Balancing act: Long winter of shoveling teaches work-life lessons
A couple of years ago, my wife bought me a snowblower for Christmas.
Needless to say, I was thrilled at this gift. Shoveling has never been one of my favorite activities, and I looked forward to saving my back and blowing the snow away.
Due to the rather dry, warm winters we've had since then, I had only used the snowblower a couple of times.
Until this winter.
Thanks to the seemingly never-ending string of big storms that has come our way this year, I've had plenty of opportunities to use my excellent gift, and I have taken advantage of those chances.
However, I have found that, at times, a shovel is still the best tool for removing the snow from my driveway and sidewalks.
And when it comes to shoveling, I've got the perfect tool. It's got a big plastic scoop and a wooden handle, and I've been using it for as long as I can remember.
I don't know when my dad bought the shovel, but I remember using it (a lot) back home in South Dakota as a teenager. About the time I struck out on my own, he gave it to me to keep.
I don't think either one of us expected it to survive as long as it has, but it's been a great tool for me for more than 20 years.
Of course, I used it again several times over this past weekend.
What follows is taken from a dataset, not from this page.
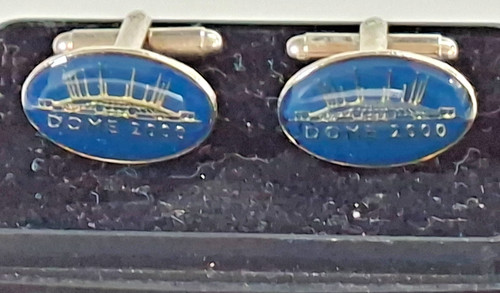 Millenium dome 2000 - 2000, official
And it occurred to me that, in both my work and family life, I need to be more like that trusty shovel.
I know what you're thinking: all of this shoveling has addled my brain. Just let me explain.
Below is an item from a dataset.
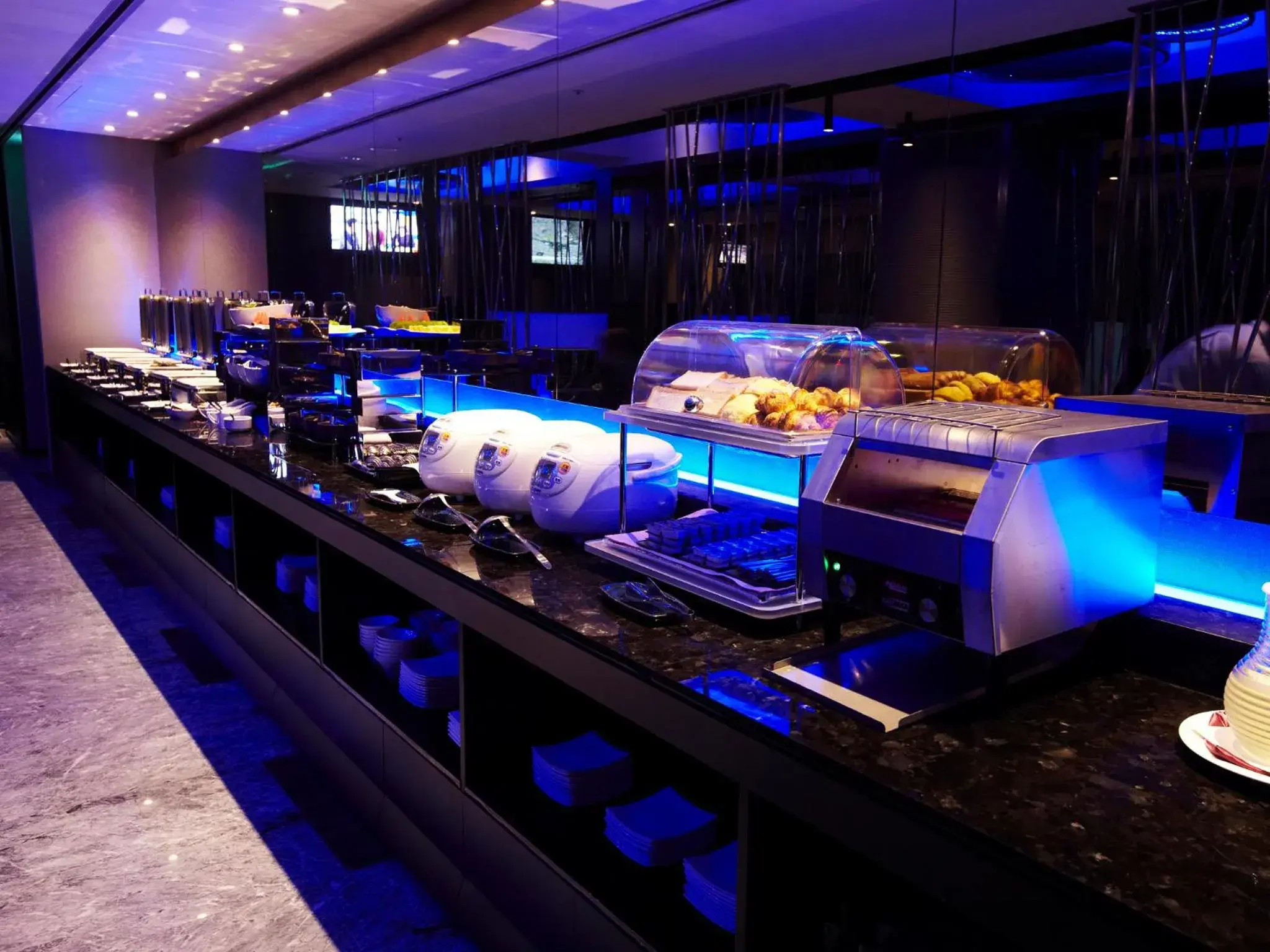 Restaurant/places to eat in The Tango Hotel Taipei ChangAn Restaurant/places to eat in The Tango Hotel Taipei ChangAn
First, my shovel has been completely dependable. I always know where it is and that, with it, I can finish the job for which it was designed.
I try to be the same way as a manager. I want my team members to know that I'm available for them every day and, if they need me, I can help them finish the jobs they have to do. This has been harder for me since changing to a career that is outside of my basic education and experience, but I'm trying to learn enough to be as useful as they need me to be.
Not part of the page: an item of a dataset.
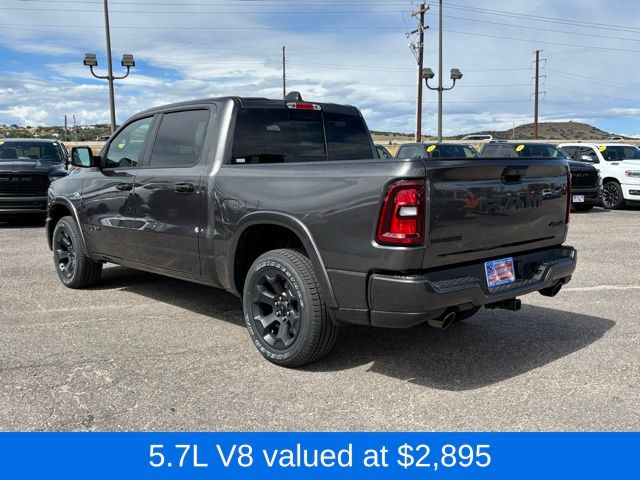 2026 Ram 1500 Big Horn photo 3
At home, my wife and children have to be able to depend on me in many different ways. They need to know that I'll work hard at my job so I can provide for our family. They need to know that I'll help with chores or homework or whatever else needs to be done around the house. Most of all, they need to be able to depend on my constant love and support.
I'm trying to succeed in all of these ways, but I know I can do better.
And dependability isn't the only lesson my shovel can teach me. Over the years, the gray color of the shovel's plastic scoop has faded, the part that has been scraped over concrete hundreds of times has worn down and the brand name has faded from the handle. However, despite its age, the shovel remains sturdy and sharp enough to handle whatever Mother Nature throws our way.
How does this relate to me? Well, I think it means that, despite my ever-advancing age, I need to take care of myself both physically and mentally so that I can remain sturdy and sharp.
As I've mentioned before in this space, that means I need to make more of a commitment to exercising and managing my diet. I've tried to get on the exercise bike each morning (unless I'm out shoveling snow), and that's helped me make some progress toward my goal of getting into better shape. I also stopped drinking carbonated beverages a couple of years ago, and that's had a positive impact on my health.
Regarding my mental well-being, I try to set aside some time for myself every day to read or think or otherwise use my brain in creative ways. I've also made a conscious effort to learn new things at work. I know I need to keep exercising my brain if I want it to stay sharp as I get older, and that's what I intend to do.
(Some may say writing a column comparing myself to a shovel proves that I need to work harder in this area. They might be right.)
Finally, my shovel never complains or whines, whether it's being used twice a day, every day, for a week or hangs on a nail in the shed, unused, for months at a time.
Again, this is something I should remember both in the office and at home. I know I'm fortunate to have a job that I enjoy and that allows me to support my family, and I shouldn't take that for granted.
At home, I shouldn't give in to the temptation to whine about how tired I am or how busy life can be. Instead, I should remember that being tired and busy is directly related to the fact that I have an active, amazing wife and four smart, healthy children who always have something scheduled.
In other words, I should count my blessings and not my perceived problems.
So there you have it. Perhaps such musings prove that this winter has lasted a little too long and is affecting my mental health. But I'm glad for the lessons of the shovel, nonetheless.
Speaking of which, I see a few flakes floating down from the sky. It looks like it's time to once again put that sturdy, dependable shovel to use.